*** Begin section ***
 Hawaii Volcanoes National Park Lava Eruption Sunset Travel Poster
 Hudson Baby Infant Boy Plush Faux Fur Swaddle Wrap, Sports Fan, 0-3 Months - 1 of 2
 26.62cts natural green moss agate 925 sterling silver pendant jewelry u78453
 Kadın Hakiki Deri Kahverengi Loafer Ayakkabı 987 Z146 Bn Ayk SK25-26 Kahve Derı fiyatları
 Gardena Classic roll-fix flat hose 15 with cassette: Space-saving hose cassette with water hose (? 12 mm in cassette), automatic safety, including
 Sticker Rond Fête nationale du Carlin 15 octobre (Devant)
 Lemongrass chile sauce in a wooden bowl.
*** End section ***
*** Begin section ***
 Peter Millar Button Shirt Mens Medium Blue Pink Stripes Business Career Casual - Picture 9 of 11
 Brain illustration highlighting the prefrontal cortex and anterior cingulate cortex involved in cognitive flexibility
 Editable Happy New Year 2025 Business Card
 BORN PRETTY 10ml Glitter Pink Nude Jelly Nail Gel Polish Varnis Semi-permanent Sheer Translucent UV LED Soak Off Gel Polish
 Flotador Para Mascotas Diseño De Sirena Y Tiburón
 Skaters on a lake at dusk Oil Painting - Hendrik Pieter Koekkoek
*** End section ***
*** Begin section ***
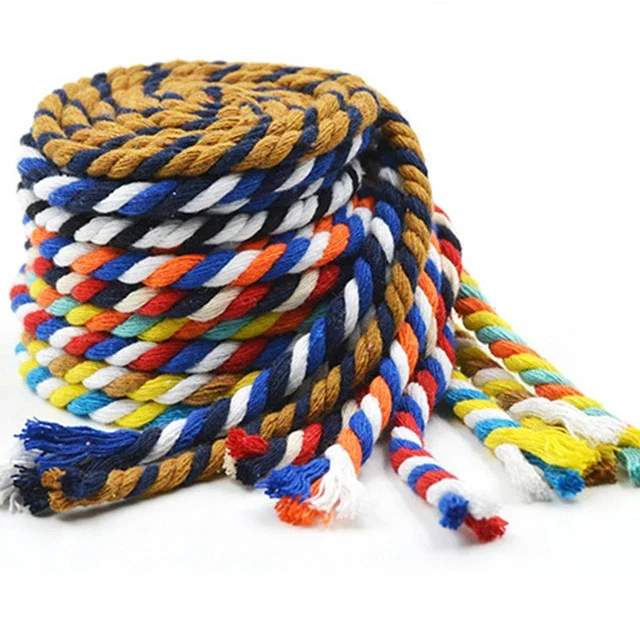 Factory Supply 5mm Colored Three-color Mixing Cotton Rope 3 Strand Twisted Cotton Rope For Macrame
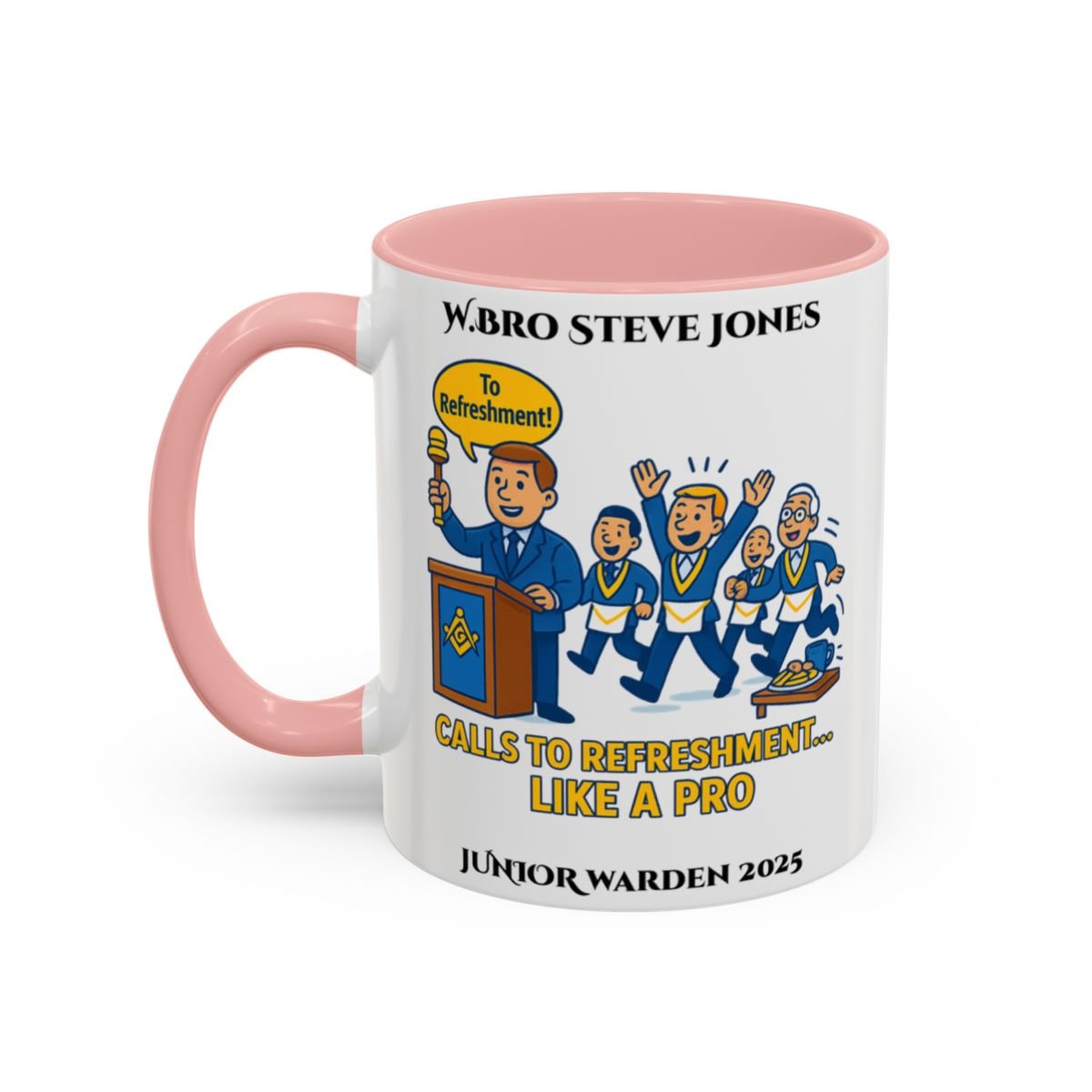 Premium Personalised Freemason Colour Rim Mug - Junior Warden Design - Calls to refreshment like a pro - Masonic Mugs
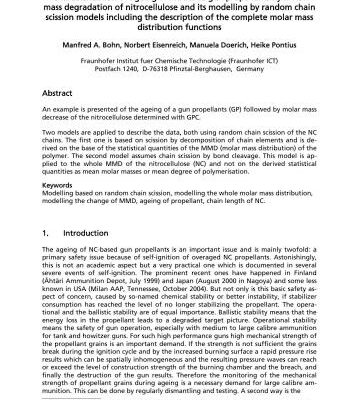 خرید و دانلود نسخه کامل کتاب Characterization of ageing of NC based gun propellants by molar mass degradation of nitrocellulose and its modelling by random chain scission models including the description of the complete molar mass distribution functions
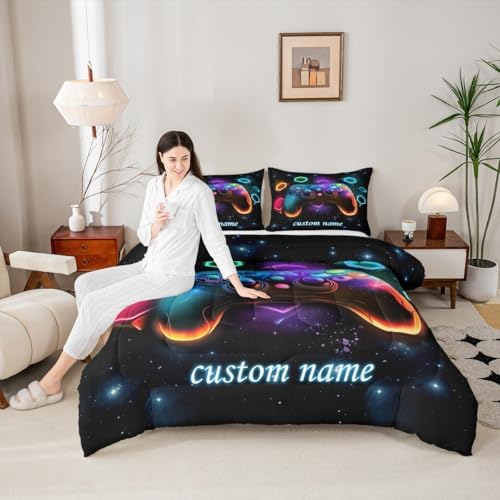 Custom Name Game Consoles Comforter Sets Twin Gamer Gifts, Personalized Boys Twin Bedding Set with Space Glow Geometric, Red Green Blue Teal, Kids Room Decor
*** End section ***
In the data above, retype exactly and only the lines between the one holding "Sticker Rond Fête" and the one holding "Lemongrass chile sauce in a wooden bowl.", inclusive.

* **Result for this task**
 Sticker Rond Fête nationale du Carlin 15 octobre (Devant)
 Lemongrass chile sauce in a wooden bowl.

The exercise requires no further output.